● PROVIDED ENTRIES:
╔══

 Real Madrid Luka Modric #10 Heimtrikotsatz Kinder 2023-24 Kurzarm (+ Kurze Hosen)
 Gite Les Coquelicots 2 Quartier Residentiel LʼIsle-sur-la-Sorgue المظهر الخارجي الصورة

╚══
╔══

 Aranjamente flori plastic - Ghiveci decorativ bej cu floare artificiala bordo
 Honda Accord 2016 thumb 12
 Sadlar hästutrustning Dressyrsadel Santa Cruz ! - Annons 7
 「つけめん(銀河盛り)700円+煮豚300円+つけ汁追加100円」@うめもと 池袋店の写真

╚══

● WHAT YOU ARE ASKED TO DO:
Retype the records above, but only those lines that fall between the line containing "Real Madrid Luka" and the line containing "Gite Les Coquelicots", with both of those lines included, exactly as written.

● COMPLETED TASK:
 Real Madrid Luka Modric #10 Heimtrikotsatz Kinder 2023-24 Kurzarm (+ Kurze Hosen)
 Gite Les Coquelicots 2 Quartier Residentiel LʼIsle-sur-la-Sorgue المظهر الخارجي الصورة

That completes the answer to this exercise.